I actually spend some time each day going back, retracing steps, remembering old times, rereading old words. There is an empty place where that time was given to other things: to other people/someone else. It feels wrong to fill it in with anything else, but even if it were possible, trying to cram anything else in doesn't work. That hole just keeps spitting everything else out like an inverted blackhole.

Today, I went back to my old - much older - blog posts. As I've mentioned here a few times, these are hidden in my lucid iridescence blogs and some older tidbits where I used to post 'thoughts of the day' are hidden in my golden memories blogs. Each time I revisit, reread, I am so mesmerized by that person who is speaking - even though it was me.

I actually have a bad habit of never editing any of my blogs. I write whatever that comes to mind and other than the perfunctory skimming for spelling mistakes, if any, I just usually submit without further revisions.

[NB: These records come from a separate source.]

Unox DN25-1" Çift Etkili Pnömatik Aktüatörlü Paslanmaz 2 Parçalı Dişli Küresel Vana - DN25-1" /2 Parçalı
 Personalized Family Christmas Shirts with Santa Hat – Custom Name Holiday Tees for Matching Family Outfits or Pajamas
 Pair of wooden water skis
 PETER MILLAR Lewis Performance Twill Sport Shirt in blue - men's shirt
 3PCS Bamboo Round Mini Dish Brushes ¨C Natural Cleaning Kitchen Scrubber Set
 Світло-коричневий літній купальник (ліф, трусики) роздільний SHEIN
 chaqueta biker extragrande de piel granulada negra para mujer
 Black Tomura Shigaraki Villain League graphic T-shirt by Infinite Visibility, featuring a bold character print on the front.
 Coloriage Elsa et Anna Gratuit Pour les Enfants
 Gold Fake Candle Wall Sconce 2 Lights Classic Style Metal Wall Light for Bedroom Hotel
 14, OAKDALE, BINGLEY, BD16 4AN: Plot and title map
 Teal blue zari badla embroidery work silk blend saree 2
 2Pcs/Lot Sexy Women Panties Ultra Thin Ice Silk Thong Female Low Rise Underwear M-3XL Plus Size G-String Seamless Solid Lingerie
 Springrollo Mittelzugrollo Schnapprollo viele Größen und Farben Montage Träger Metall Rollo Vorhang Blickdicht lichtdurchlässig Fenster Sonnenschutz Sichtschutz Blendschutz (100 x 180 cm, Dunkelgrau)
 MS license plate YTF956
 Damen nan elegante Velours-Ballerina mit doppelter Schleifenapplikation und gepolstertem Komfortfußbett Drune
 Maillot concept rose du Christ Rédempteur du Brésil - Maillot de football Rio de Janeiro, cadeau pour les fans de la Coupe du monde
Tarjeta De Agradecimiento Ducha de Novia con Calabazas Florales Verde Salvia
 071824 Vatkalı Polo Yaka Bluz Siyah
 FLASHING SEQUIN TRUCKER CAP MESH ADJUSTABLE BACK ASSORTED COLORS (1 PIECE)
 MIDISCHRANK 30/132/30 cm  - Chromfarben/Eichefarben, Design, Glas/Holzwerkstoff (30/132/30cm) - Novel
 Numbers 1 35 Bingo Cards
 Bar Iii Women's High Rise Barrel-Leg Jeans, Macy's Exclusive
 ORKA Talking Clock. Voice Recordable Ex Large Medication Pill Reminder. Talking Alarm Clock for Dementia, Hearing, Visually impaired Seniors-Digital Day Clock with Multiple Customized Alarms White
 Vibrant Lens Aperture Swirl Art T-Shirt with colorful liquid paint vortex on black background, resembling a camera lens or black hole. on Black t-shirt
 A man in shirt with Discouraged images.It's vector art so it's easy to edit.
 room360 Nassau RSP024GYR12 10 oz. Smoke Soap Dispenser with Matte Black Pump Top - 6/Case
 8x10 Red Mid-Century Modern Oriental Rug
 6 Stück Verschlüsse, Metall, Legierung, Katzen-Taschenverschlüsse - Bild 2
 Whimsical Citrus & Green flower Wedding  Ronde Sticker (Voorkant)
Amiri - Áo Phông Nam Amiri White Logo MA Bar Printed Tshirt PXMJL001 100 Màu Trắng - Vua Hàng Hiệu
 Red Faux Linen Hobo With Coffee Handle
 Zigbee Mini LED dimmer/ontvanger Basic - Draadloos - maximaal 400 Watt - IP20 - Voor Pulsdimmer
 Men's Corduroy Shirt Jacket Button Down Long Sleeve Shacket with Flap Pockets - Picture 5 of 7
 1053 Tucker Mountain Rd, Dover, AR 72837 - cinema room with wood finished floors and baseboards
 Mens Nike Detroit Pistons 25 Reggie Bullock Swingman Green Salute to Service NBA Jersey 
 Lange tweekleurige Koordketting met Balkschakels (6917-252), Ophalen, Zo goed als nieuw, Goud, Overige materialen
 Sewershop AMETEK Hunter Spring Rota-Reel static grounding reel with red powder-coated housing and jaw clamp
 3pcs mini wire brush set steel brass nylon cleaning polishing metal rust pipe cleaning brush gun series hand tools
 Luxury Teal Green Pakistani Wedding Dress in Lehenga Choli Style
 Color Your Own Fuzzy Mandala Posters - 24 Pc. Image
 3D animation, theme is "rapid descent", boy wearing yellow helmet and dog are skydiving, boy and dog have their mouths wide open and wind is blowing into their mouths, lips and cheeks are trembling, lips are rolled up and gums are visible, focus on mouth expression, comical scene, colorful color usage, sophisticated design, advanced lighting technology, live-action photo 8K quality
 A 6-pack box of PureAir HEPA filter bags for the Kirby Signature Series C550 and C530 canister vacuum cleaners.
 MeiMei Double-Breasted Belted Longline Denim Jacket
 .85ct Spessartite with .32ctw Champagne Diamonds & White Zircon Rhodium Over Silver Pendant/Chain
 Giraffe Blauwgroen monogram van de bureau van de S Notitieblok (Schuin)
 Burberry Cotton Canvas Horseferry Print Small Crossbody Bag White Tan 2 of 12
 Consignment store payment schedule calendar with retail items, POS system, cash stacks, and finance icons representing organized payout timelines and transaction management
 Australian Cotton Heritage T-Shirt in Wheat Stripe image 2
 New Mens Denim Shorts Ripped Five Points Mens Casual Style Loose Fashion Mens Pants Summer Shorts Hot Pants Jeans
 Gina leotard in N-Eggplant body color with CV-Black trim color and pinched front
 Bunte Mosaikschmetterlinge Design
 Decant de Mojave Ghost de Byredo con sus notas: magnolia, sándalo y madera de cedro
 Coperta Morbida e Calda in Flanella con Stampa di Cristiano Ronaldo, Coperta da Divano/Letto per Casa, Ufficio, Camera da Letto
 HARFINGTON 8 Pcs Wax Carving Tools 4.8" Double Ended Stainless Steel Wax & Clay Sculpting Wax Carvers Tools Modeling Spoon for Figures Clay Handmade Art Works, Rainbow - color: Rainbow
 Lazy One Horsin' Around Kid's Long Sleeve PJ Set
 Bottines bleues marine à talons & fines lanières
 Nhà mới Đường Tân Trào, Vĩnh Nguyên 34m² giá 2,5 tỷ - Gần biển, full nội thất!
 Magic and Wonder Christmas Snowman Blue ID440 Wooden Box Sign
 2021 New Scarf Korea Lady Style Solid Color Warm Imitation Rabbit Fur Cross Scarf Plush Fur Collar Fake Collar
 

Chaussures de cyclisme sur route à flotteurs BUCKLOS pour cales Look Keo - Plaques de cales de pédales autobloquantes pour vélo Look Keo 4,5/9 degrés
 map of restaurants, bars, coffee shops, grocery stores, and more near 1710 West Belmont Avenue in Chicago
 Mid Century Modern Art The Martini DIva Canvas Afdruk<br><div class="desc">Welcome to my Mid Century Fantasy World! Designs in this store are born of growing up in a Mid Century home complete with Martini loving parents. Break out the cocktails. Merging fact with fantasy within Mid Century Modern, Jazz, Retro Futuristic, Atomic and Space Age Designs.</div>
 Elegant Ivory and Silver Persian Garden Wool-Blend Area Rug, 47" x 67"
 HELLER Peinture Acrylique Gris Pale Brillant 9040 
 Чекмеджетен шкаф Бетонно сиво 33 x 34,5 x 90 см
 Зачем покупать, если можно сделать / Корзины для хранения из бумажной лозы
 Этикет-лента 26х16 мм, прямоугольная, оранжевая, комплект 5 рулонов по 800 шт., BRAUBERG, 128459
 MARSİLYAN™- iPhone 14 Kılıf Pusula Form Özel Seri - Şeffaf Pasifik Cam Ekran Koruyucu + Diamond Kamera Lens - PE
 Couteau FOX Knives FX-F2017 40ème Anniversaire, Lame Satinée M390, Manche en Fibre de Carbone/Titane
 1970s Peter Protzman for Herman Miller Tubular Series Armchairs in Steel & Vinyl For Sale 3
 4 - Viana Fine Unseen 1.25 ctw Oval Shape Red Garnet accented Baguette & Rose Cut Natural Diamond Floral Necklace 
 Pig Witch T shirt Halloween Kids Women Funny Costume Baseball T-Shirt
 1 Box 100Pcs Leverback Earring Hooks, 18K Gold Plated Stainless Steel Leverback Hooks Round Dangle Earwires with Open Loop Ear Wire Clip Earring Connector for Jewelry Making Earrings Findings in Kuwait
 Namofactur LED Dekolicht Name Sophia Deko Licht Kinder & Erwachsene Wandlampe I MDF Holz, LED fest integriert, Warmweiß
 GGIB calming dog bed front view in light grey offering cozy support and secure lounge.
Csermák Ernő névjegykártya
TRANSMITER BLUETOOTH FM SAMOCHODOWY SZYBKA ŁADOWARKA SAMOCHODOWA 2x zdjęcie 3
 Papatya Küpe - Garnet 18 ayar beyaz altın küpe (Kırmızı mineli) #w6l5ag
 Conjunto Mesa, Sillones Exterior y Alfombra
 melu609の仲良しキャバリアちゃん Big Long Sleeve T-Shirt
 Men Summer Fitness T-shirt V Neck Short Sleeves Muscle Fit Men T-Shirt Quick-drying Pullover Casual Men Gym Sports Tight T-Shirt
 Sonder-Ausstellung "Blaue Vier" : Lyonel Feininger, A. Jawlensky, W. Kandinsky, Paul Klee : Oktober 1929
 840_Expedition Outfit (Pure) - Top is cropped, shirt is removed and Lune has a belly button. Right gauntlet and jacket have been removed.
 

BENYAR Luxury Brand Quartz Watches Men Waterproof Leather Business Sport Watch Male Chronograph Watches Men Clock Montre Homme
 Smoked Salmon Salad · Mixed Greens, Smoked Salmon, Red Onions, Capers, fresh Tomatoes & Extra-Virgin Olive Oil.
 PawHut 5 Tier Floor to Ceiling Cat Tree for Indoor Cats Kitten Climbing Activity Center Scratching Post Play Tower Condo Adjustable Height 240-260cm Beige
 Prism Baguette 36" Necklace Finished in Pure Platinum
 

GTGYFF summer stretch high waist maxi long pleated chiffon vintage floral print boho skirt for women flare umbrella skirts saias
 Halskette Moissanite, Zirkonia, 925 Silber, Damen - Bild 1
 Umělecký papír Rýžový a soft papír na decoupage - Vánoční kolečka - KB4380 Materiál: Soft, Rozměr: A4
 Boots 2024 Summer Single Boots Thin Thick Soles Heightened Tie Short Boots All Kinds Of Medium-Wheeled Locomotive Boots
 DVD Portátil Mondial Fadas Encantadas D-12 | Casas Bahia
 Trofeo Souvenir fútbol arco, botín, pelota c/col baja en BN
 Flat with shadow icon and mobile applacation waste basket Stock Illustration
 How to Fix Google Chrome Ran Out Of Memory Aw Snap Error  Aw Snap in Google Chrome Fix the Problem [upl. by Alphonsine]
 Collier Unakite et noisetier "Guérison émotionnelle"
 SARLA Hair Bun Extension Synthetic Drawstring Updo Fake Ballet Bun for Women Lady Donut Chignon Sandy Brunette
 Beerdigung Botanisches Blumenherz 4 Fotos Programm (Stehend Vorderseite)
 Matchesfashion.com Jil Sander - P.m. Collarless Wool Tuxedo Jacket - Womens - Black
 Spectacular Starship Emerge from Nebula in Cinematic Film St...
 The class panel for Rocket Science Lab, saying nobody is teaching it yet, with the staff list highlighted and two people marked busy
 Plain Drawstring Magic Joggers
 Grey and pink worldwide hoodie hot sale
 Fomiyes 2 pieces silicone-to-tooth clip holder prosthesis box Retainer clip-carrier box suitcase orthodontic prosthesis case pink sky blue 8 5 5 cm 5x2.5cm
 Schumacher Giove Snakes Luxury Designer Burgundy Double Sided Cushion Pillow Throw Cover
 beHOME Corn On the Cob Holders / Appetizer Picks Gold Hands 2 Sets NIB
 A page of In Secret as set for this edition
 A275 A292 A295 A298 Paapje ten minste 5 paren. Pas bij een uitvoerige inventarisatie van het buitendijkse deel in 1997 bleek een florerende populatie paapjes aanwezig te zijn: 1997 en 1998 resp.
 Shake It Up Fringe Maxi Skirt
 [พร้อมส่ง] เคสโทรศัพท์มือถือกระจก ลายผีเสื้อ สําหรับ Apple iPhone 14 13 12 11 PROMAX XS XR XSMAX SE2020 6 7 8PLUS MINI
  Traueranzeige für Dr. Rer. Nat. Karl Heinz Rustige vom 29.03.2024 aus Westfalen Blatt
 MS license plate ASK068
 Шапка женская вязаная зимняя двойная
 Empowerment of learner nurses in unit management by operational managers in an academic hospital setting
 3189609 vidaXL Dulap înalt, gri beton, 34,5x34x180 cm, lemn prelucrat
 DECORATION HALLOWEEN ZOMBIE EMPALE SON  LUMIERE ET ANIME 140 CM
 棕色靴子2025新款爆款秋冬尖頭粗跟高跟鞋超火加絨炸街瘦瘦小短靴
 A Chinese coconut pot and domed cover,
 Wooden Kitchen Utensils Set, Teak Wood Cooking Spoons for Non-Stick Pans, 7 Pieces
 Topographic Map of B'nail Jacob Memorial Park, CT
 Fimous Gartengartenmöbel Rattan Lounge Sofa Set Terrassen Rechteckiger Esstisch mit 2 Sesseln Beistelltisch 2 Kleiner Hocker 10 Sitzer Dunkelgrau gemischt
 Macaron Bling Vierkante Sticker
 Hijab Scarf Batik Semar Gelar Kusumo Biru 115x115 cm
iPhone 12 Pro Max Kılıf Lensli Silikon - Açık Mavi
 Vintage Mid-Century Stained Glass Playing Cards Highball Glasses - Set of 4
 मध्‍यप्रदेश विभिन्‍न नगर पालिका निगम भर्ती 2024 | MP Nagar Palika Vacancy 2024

Sometimes I feel like I would love to have an interview with myself. The younger me with this older, somewhat more cynical (though I averred I was the most cynical when younger) me. I have a lot of posts that are dedicated to love and I used to write a lot about this enigmatic prince charming/soulmate who I knew would be mine...one day. If I one day forgot this fact then maybe I would in future wonder who I was writing to, where did that person go. And the stranger thing now is that even with a flesh-and-blood model, the substantiated version of those dreams, I could almost ask the same thing. In fact, one of the problems I have with life is that I could pretty much ask this of everyone I've gotten close to. "Where did that person go?"

Maybe, just maybe, I could ask the question of that young and dreamy-eyed writer of posts. Maybe that is what I am doing when I go back and hover my cursor over the words she once wrote - sometimes with big grin, sometimes with a quiet smile, sometimes and too often, with a lot of tears. Maybe this version of me going over those words somehow, over a time-space continuum, actually makes contact with that younger girl who scribbled down words while tears coursed down her face; maybe while she was writing, she was able to compose herself and find a way to straighten her shoulders and face the world again because, if no one else did, this older me was able to peer over her shoulder, to caress her head, to tuck away a strand of hair tenderly, to kiss her tear-stained cheek and tell her, telepathically, that you will survive because you are my reason and remembrance for continuing ever more.